Fixação de parâmetros a serem considerados em decisões judiciais que afastam o sigilo de dados telemáticos no âmbito de investigações criminais. Com esse objetivo, o procurador-geral da República, Augusto Aras, apresentou ao Supremo Tribunal Federal (STF), nesta segunda-feira (18), proposta de tese sobre os limites para a medida, que é constitucional, mesmo nos casos em que alcance pessoas indeterminadas. Entre os critérios sugeridos está a obrigação de que a transferência dos dados seja feita apenas por meios formais, com garantia de sigilo e o estabelecimento de instrumentos efetivos de apuração e correção de eventuais desvios. A matéria será discutida no julgamento do Recurso Extraordinário (RE) 1.301.250, que está submetido à sistemática da repercussão geral (Tema 1.148), sob relatoria da ministra Rosa Weber.

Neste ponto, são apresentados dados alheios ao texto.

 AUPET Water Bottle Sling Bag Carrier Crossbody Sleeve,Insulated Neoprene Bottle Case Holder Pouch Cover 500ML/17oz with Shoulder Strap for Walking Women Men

De um lado, estão as empresas de tecnologia Google Inc. e sua representante em território nacional, a Google Brasil Internet, autoras do recurso. Do outro, o estado do Rio de Janeiro que, por meio de inquérito policial, conduziu investigação sobre dois homicídios qualificados e uma tentativa de homicídio. Ao longo das apurações, a Justiça de primeira instância autorizou o afastamento de sigilo de dados telemáticos de pessoas que, em determinado período, pesquisaram informações no buscador da Google a partir de determinadas palavras-chave.

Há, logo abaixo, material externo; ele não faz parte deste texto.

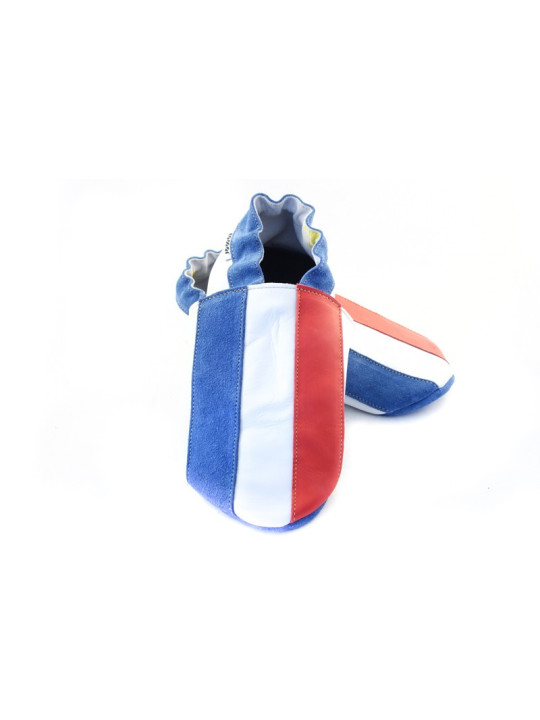 Chaussons cuir souple drapeau de la France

A companhia apresentou, então, mandado de segurança ao Tribunal de Justiça do Rio de Janeiro (TJRJ) e, posteriormente, ao Superior Tribunal de Justiça (STJ), tentando reverter a ordem, mas não obteve sucesso. Segundo a empresa, não existiria base constitucional e legal que sustentasse a determinação judicial para afastamento de sigilo de dados telemáticos sem a necessária individualização dos alvos. Haveria, portanto, violação dos princípios e direitos constitucionais assegurados no artigo 5º, incisos II, X e XII, da Constituição Federal, e as disposições contidas nas leis 9.296/1996 (que trata de interceptações telefônicas) e 12.965/2014 (Marco Civil da Internet), no Decreto 8.771/2016 e na Resolução CNJ 59/2008.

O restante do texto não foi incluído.